Геопоэтика. Пунктир к теории путешествий (Сид) - страница 57

Но у Армении-то, как раз, на самом деле прежде было море! И даже два, если не три — те самые Каспийское, Чёрное, Средиземное. Незадолго до Рождения Христова завоеватель Тигран Великий расширил страну, добыл для неё выходы к бассейну Мирового океана — на полтысячи с лишним лет. А после распада Великой Армении долго сохранялась, под именем Киликии, её средиземноморская часть. Отсюда эта память и эта тоска, эта фантомная боль.

Мне кажется, что отсутствие реваншистских амбиций по возвращению своих давних приморских земель — разновидность аскезы, подлинного самоограничения. Полузаметное, равномерное страдание без моря, если таковое страдание действительно имеет место — формирует, воспитывает определённым образом национальный дух. Аскеза становится залогом внутренней силы. Армянин, оказавшись в диаспоре, демонстрирует зачастую если не повышенную энергию, то повышенную выживаемость и жизненную прочность. Я стал усматривать признаки этой плодотворной аскезы в разных особенностях мира маленькой армянской метрополии.

ХРАМЫ И АЛФАВИТ

Второй мой визит в Армению был связан с проектом «Литературный Ковчег». Двадцать с лишним писателей из 17 стран Евразии путешествуют полмесяца по армянской части безбрежного Армянского нагорья, ежедневно посещая новые церкви, монастыри и музеи. Я сейчас не о том, что настоящий, идеальный фестиваль должен быть максимально приближён к экспедиции, и отпускать своих участников на родину полупарализованными от зашкаливающих восторгов и информационной перегрузки, выжатыми, как лимон. Я о том, что армянское христианство в своём классическом виде демонстрирует всё ту же аскезу.

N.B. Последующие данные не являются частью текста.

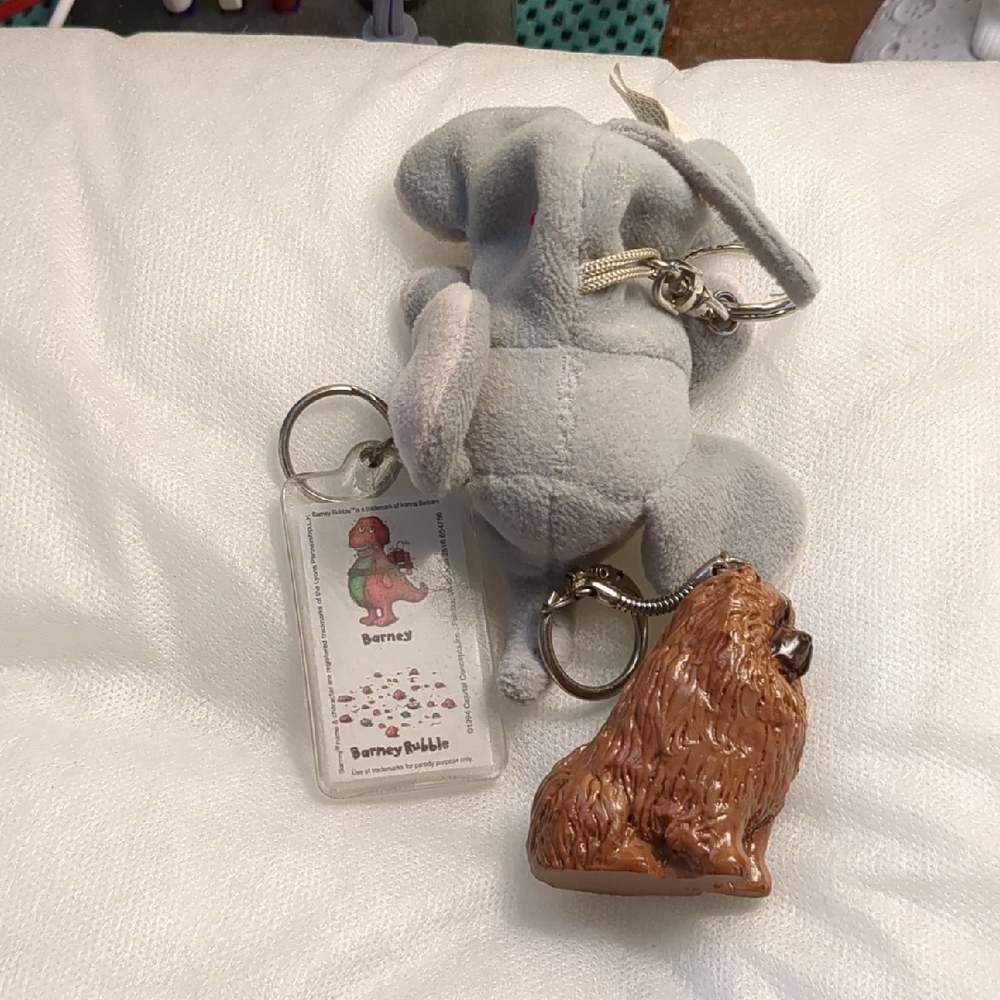 assorted key chains: Gray Elephant Plush, barney, and chow chow.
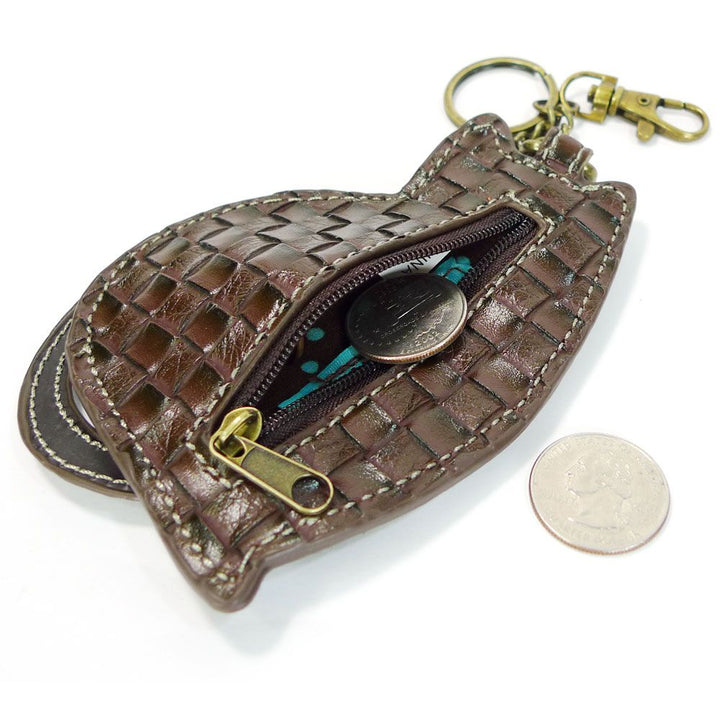 A small Chala Cat Keychain with Zip, made of brown woven leather and featuring antique brass hardware and a zipper, is open to display a few coins inside. It also includes a keychain attachment. Next to the pouch, a quarter rests on the white background.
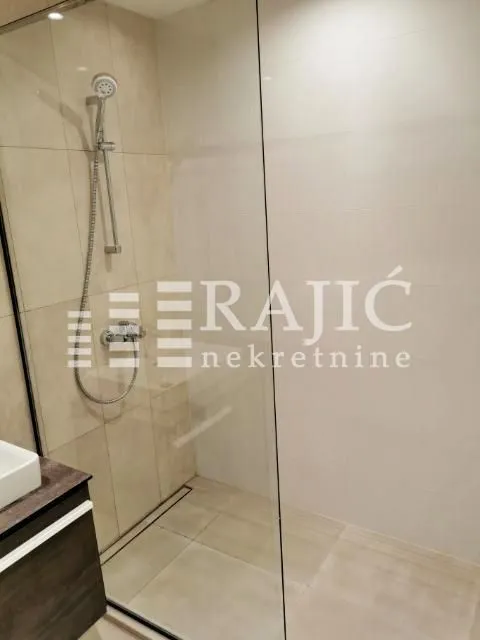 Modernly equipped bathroom with a walk-in shower and vanity.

Эти полуторатысячелетние храмы, лишённые каких-либо украшений, с голыми каменными стенами и потолками, иногда просто вырубленные в цельной скале, олицетворяют собой беспримесную духовность, не замутнённую декоративными излишествами и роскошью. Если хотя бы метафорически верно старое детское сравнение храма со звездолётом или космопортом, то можно предположить, что золото и всё прочее утяжеляет корабль, мешает ему взлететь…

А ещё — армянский алфавит. Четверть века назад, в первой своей научной командировке, я работал месяц на побережье Абхазии, и в течении однодневной поездки в Тбилиси, за какими-то подписями и печатями, выучил грузинский алфавит. Разгадка молниеносности, возможно, в делах сердечных: про азбуку меня консультировала юная тбилисская певица Ната, которую необходимо было сразить своими якобы уникальными способностями. Подобных лингвистических блицкригов больше не повторялось, во всяком случае алфавит армянский мне так до сих пор и не дался.